Start of Input material

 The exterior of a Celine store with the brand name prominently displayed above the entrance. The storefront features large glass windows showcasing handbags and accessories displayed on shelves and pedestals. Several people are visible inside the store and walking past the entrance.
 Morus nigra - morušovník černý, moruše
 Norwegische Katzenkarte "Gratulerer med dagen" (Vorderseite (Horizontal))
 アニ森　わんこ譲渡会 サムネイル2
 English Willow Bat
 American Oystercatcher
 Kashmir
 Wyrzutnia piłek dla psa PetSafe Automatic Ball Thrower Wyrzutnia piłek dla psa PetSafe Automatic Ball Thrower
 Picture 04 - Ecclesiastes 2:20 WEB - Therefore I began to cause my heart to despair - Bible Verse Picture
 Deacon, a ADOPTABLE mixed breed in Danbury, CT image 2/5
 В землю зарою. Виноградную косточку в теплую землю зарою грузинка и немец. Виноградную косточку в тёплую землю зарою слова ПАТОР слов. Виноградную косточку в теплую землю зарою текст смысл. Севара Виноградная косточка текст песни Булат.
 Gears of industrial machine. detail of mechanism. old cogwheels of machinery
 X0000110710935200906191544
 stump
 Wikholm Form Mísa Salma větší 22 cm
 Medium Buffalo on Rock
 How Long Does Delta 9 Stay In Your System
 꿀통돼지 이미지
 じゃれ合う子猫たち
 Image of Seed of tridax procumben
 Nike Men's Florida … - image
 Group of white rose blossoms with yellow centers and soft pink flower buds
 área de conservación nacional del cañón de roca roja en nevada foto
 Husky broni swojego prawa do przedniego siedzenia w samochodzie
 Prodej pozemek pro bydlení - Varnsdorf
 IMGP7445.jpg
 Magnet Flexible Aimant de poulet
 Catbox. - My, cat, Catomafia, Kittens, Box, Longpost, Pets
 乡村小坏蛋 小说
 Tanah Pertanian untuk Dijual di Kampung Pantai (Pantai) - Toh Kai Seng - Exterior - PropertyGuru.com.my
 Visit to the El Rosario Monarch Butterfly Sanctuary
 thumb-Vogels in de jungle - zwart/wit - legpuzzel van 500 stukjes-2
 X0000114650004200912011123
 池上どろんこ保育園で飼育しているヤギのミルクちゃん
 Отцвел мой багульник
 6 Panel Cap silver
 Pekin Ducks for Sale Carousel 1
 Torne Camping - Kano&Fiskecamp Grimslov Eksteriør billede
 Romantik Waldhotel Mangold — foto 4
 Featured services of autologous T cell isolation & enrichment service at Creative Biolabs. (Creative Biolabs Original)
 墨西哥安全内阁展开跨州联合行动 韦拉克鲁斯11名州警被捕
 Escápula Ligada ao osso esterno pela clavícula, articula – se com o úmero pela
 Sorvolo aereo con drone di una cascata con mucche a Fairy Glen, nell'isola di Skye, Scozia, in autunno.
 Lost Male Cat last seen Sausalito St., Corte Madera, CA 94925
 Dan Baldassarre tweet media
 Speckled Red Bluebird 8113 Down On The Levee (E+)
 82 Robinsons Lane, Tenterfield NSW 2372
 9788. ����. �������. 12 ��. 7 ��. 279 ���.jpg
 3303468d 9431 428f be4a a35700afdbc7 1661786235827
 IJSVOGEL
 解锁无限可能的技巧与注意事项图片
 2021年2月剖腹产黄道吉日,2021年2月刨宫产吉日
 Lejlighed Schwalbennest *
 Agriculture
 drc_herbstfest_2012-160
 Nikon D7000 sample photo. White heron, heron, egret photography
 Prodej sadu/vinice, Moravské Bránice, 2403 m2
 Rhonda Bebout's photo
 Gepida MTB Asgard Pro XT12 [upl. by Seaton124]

End of Input material

Requirement:
Using the material above, find each line that holds "foto" and copy that line.

Task solution:
 área de conservación nacional del cañón de roca roja en nevada foto
 Romantik Waldhotel Mangold — foto 4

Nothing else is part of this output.